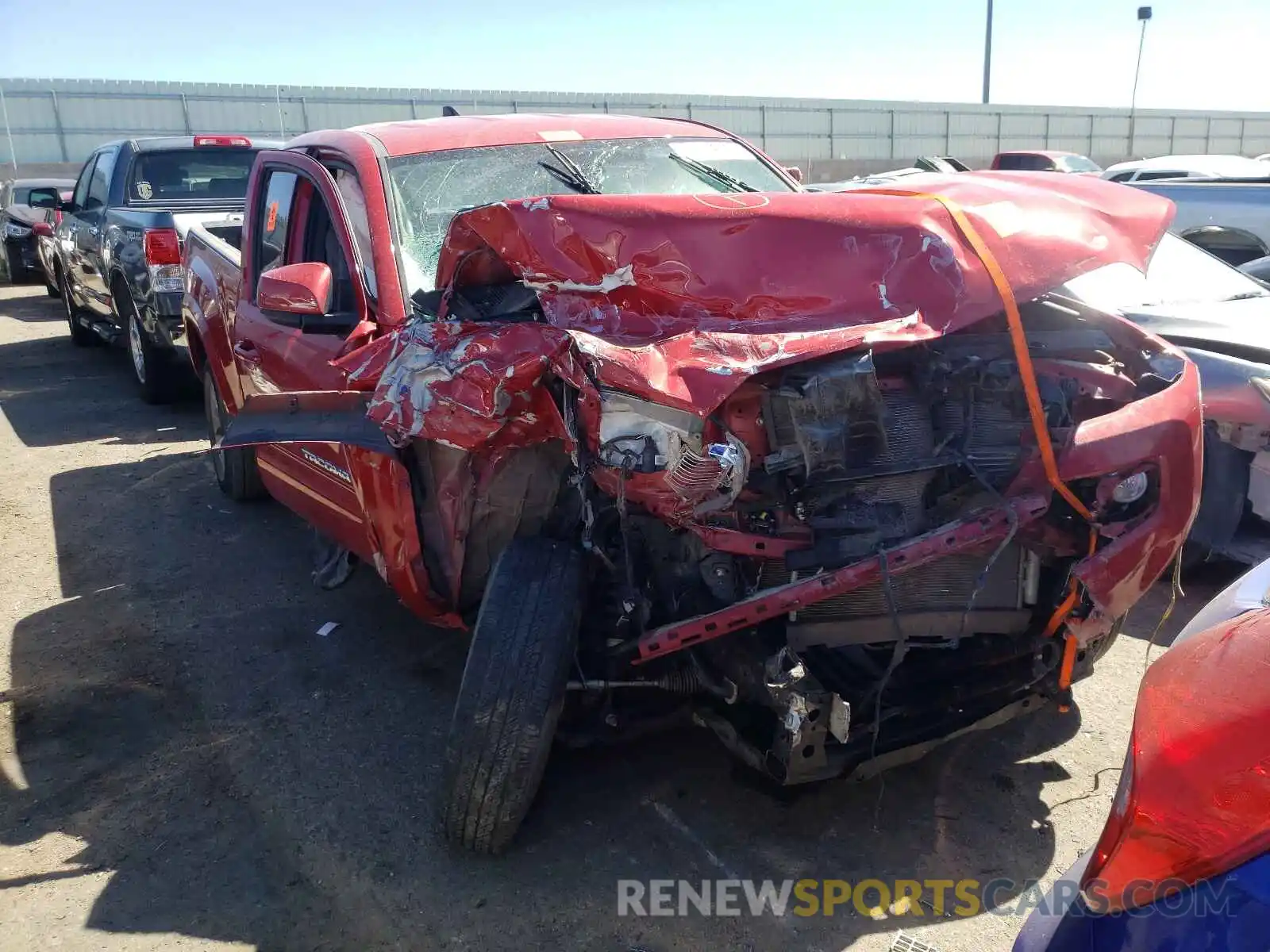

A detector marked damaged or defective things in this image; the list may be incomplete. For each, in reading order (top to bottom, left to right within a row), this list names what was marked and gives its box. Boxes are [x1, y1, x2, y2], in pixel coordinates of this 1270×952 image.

shattered windshield [386, 136, 792, 297]
crumpled hood [345, 172, 1168, 451]
shattered windshield [1061, 233, 1270, 307]
crumpled hood [1127, 294, 1270, 358]
crushed front end [348, 180, 1199, 792]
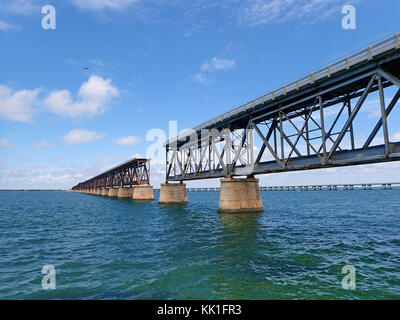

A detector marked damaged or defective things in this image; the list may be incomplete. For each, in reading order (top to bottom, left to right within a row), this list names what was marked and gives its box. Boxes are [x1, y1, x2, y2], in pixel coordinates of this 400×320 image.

rusty bridge section [71, 159, 151, 191]
rusty bridge section [166, 34, 400, 182]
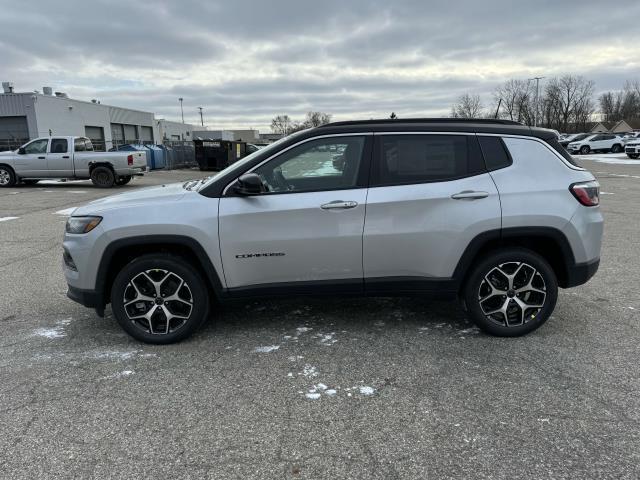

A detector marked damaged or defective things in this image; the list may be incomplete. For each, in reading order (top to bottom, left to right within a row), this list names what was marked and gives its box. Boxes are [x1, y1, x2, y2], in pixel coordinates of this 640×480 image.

cracked asphalt [0, 163, 636, 478]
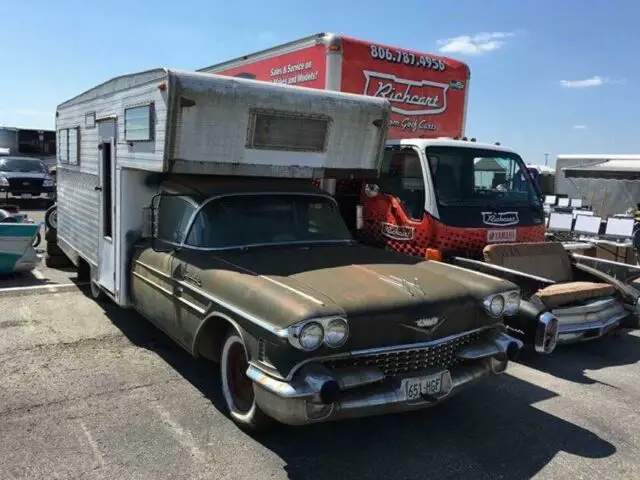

Task to carry out:
Set down each entry above word for word, without its pictures.

Solution to this exercise:
A detector marked damaged or defective things in this image; the list may be incomplete. For each, in reading order (top to bottom, left to right within a row), this list names what was marked and gives its box. Boxes are [x1, y1, x2, y2], in pixel coordinates of this 1270×952 image.

shattered windshield [386, 136, 792, 297]
crumpled hood [345, 172, 1168, 451]
shattered windshield [1061, 233, 1270, 307]
crumpled hood [1127, 294, 1270, 358]
crushed front end [348, 180, 1199, 792]

A detector marked damaged or defective things in this image; the list may be incomplete. For each, in reading order (top to bottom, left to right within a row), this list names what was marked and gives its box. Boxes are [x1, y1, x2, y2], in pixel coordinates of this 400×320 image.

rusty bridge section [71, 159, 151, 191]
rusty bridge section [166, 34, 400, 182]

A detector marked damaged or defective things in this image; the list may be incomplete. For each, in reading order (top to bottom, left to right within a row), this list names what was marked and gives its box. Boxes are [x1, y1, x2, y2], in pixel coordinates of this 640×480 image.

cracked asphalt [0, 163, 636, 478]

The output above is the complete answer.